Now here’s the crux of the paper. Neural networks are usually trained to approximate functions between inputs and outputs defined in Euclidean space, your classic graph with x, y, and z axes. But this time, the researchers decided to define the inputs and outputs in Fourier space, which is a special type of graph for plotting wave frequencies. The intuition that they drew upon from work in other fields, says Anima Anandkumar, a Caltech professor who oversaw the research, is that something like the motion of air can actually be described as a combination of wave frequencies. The general direction of the wind at a macro level is like a low frequency with very long, lethargic waves, while the little eddies that form at the micro level are like high frequencies with very short and rapid ones.
Why does this matter? Because it’s far easier to approximate a Fourier function in Fourier space than to wrangle with PDEs in Euclidean space, which greatly simplifies the neural network’s job. Cue major accuracy and efficiency gains: in addition to its huge speed advantage over traditional methods, their technique achieves a 30% lower error rate when solving Navier-Stokes than previous deep-learning methods.
The whole thing is extremely clever, and also makes the method more generalizable. Previous deep-learning methods had to be trained separately for every type of fluid, whereas this one only needs to be trained once to handle all of them, as confirmed by the researchers’ experiments. Though they haven’t yet tried extending this to other examples, it should also be able to handle every earth composition when solving PDEs related to seismic activity, or every material type when solving PDEs related to thermal conductivity.
Anandkumar and the lead author of the paper, Zongyi Li, a PhD student in her lab, didn’t do this research just for the theoretical fun of it. They want to bring AI to more scientific disciplines. It was through talking to various collaborators in climate science, seismology, and materials science that Anandkumar first decided to tackle the PDE challenge with her students. They’re now working to put their method into practice with other researchers at Caltech and the Lawrence Berkeley National Laboratory.

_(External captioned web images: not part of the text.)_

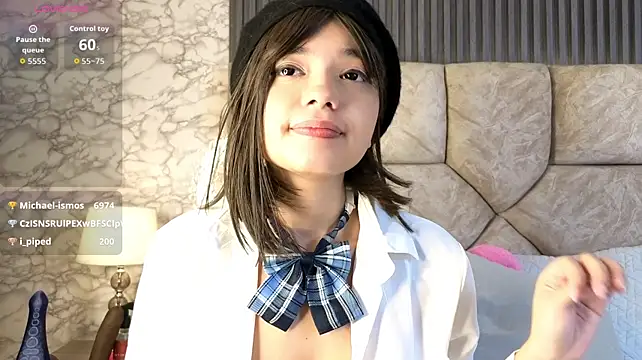 Ary_angel_ - CONTROL ALL MY TOYS LOVENSE x6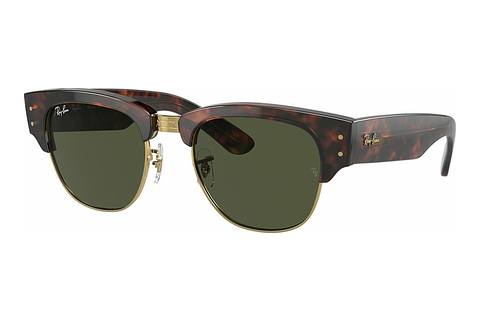 Occhiali da vista Ray-Ban MEGA CLUBMASTER (RB0316S 990/31)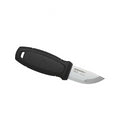 Morakniv Eldris Knife 不鏽鋼短直刀 Black 12647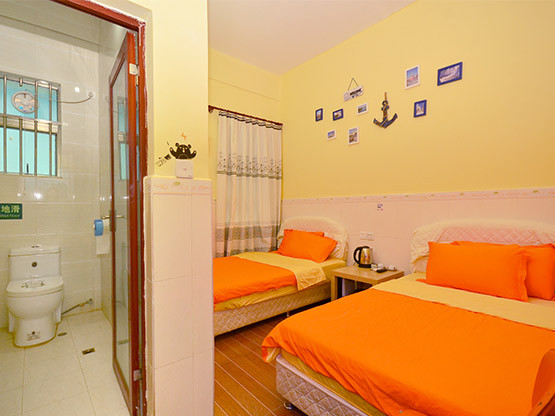 深圳西冲旅游攻略 西冲好玩的项目都在这 - 深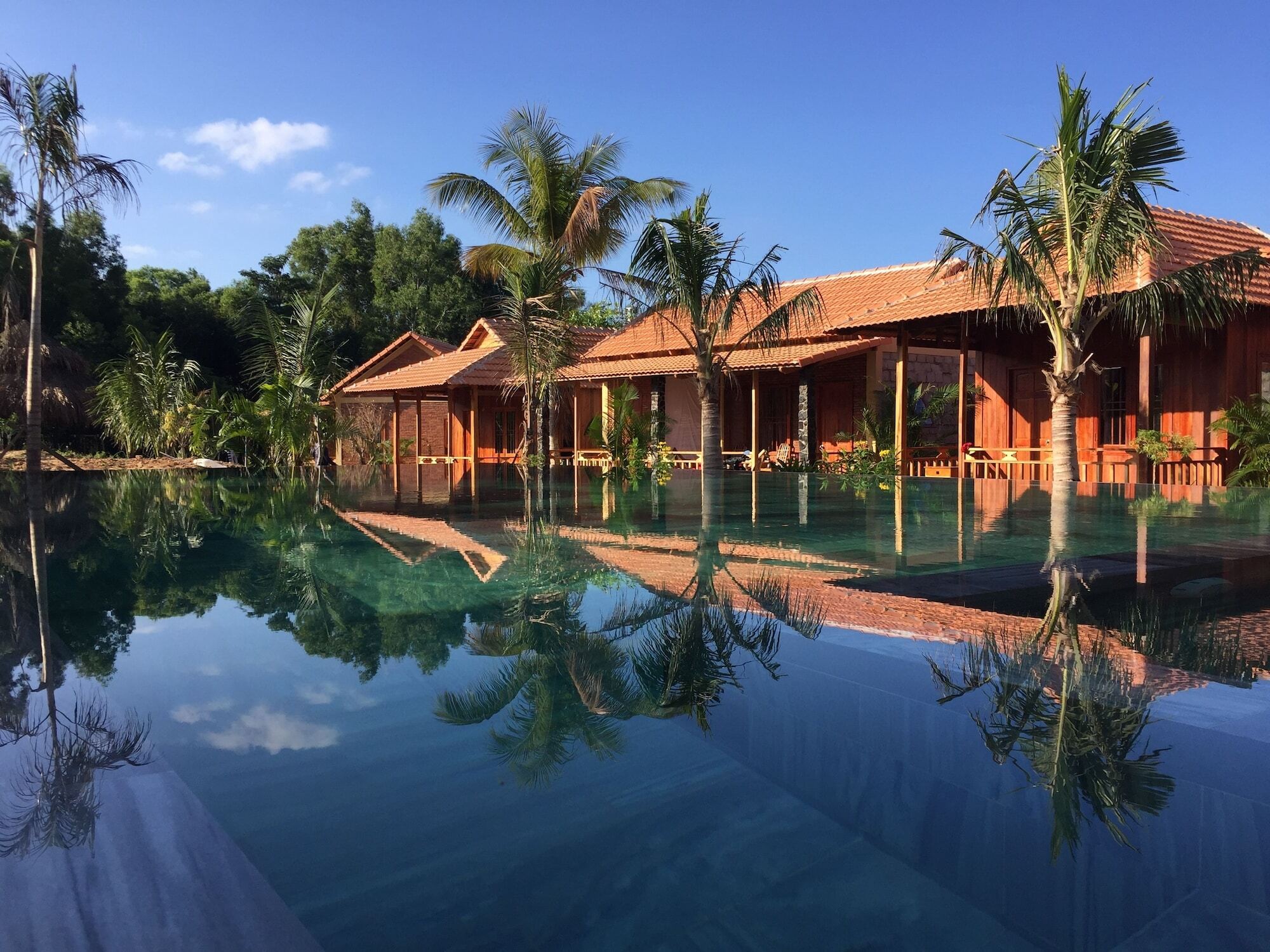 Island Lodge Phú Quốc Eksteriør billede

One research topic Anandkumar is particularly excited about: climate change. Navier-Stokes isn’t just good at modeling air turbulence; it’s also used to model weather patterns. “Having good, fine-grained weather predictions on a global scale is such a challenging problem,” she says, “and even on the biggest supercomputers, we can’t do it at a global scale today. So if we can use these methods to speed up the entire pipeline, that would be tremendously impactful.”
There are also many, many more applications, she adds. “In that sense, the sky’s the limit, since we have a general way to speed up all these applications.”